# Assigned task:
Could you restate every entry word for word, leaving the pictures out?

Dataset items:
[Start of Attachment]

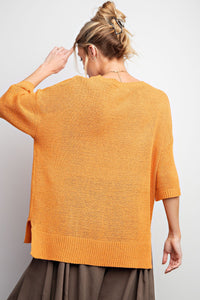 Orange Short Sleeve Sweater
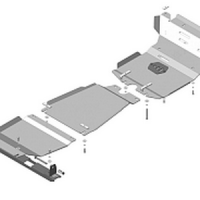 Защита алюминиевая Мотодор 32520 Toyota Hilux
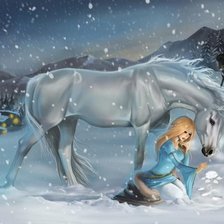 Схема вышивки «снежная лошадь»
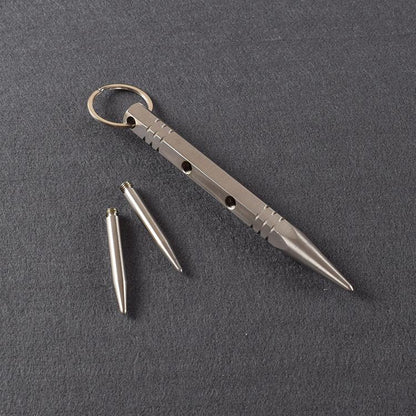304 Stainless Steel Spike Kubotan - Detachable Long Spikes Keychain EDC
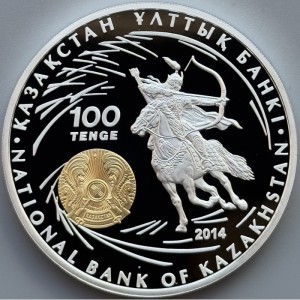 Аверс монеты Казахстан, 100 тенге, 2014, Великие полководцы - Тамерлан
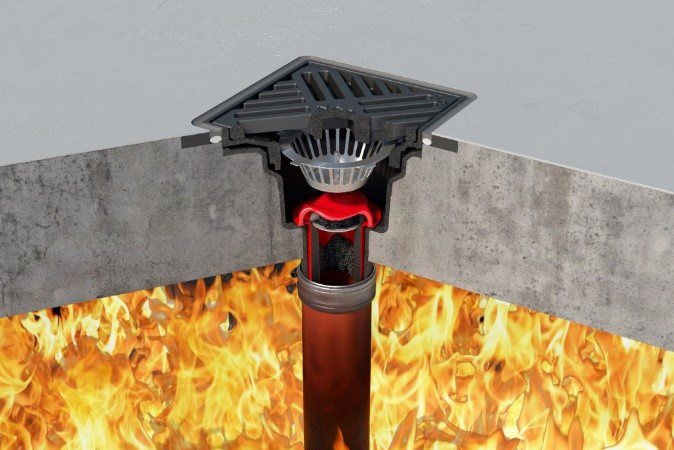 Brandschutz, Flachdachentwässerung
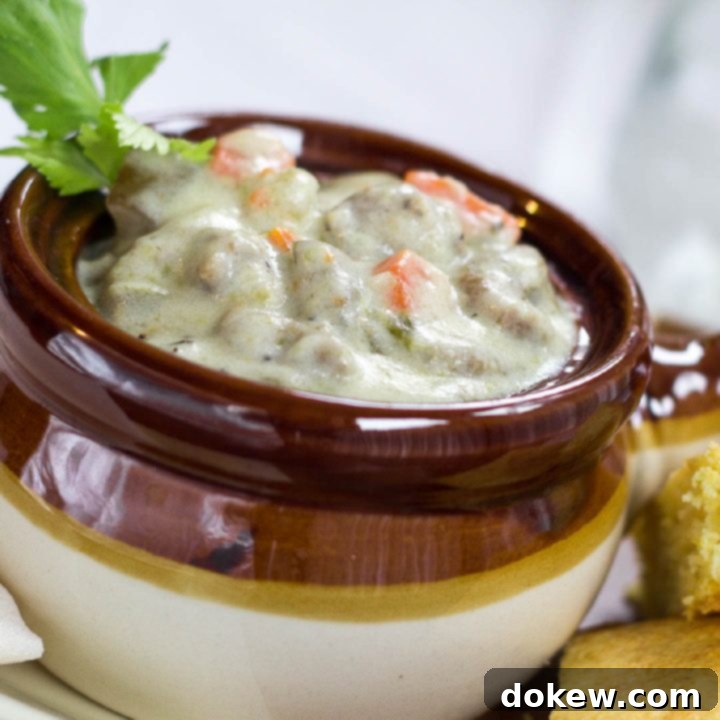 Velvety Bratwurst Comfort Pot 2 A steaming bowl of Crockpot Creamy Bratwurst Stew, rich with vegetables and sliced sausage in a creamy brown broth.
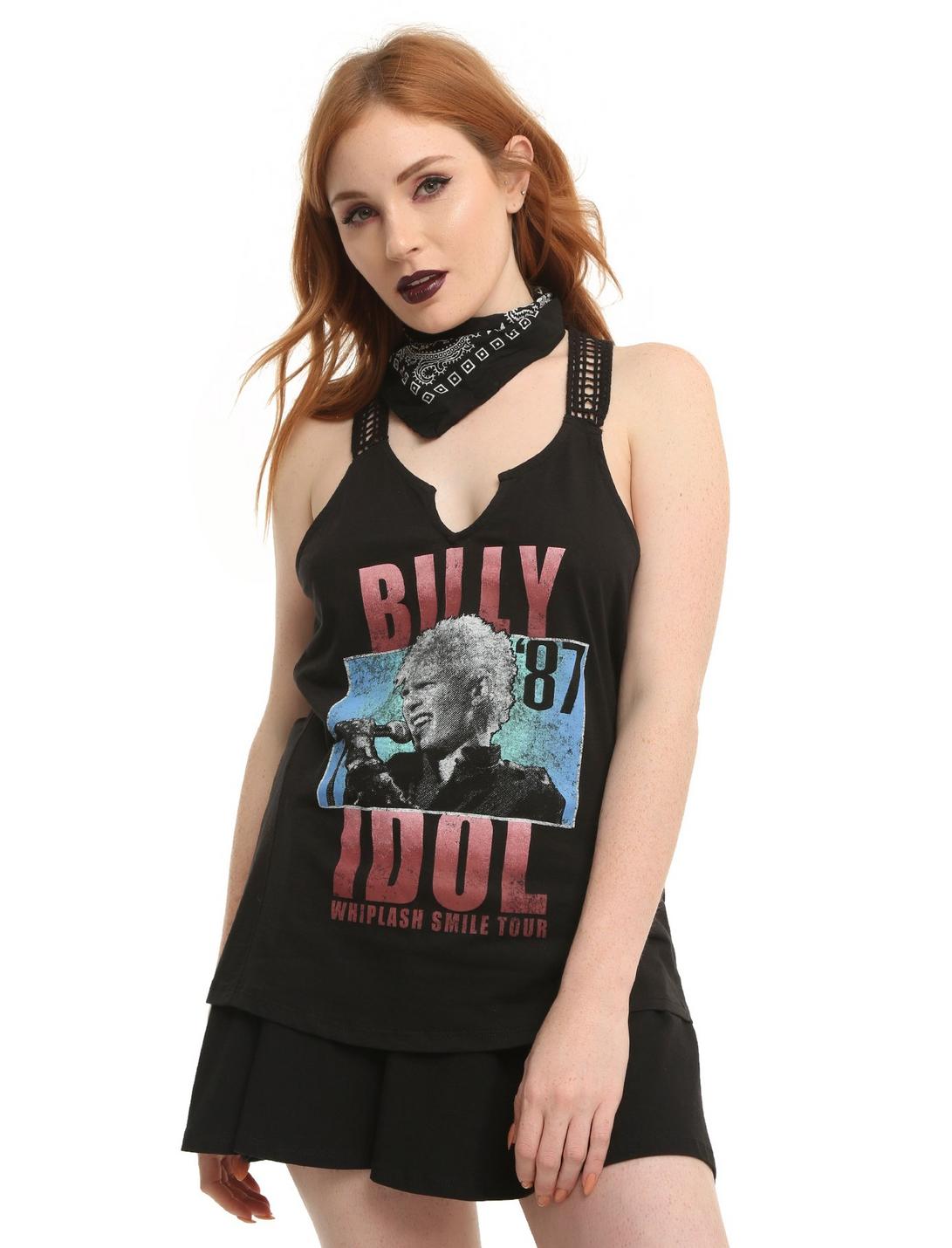 Billy Idol Crochet Back Girls Tank Top, BLACK, hi-res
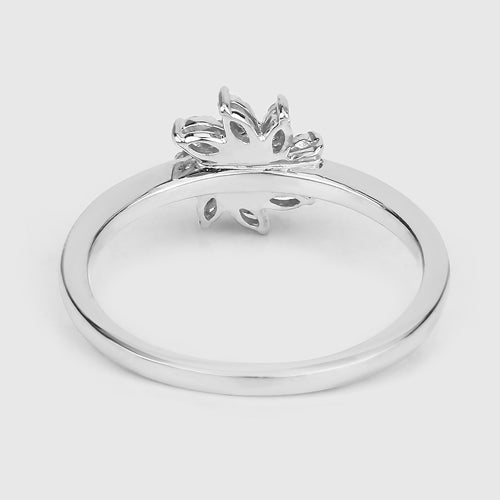 0.18 Carat Genuine White Diamond 14K White Gold Ring (E-F-G Color, SI Clarity)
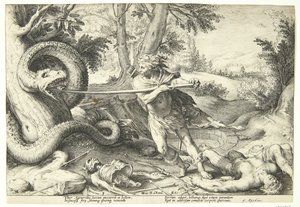 Kadmos tötet den Drachen von Hendrick Goltzius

[End of Attachment]

# Your response:
 Orange Short Sleeve Sweater
 Защита алюминиевая Мотодор 32520 Toyota Hilux
 Схема вышивки «снежная лошадь»
304 Stainless Steel Spike Kubotan - Detachable Long Spikes Keychain EDC
 Аверс монеты Казахстан, 100 тенге, 2014, Великие полководцы - Тамерлан
 Brandschutz, Flachdachentwässerung
 Velvety Bratwurst Comfort Pot 2 A steaming bowl of Crockpot Creamy Bratwurst Stew, rich with vegetables and sliced sausage in a creamy brown broth.
 Billy Idol Crochet Back Girls Tank Top, BLACK, hi-res
 0.18 Carat Genuine White Diamond 14K White Gold Ring (E-F-G Color, SI Clarity)
 Kadmos tötet den Drachen von Hendrick Goltzius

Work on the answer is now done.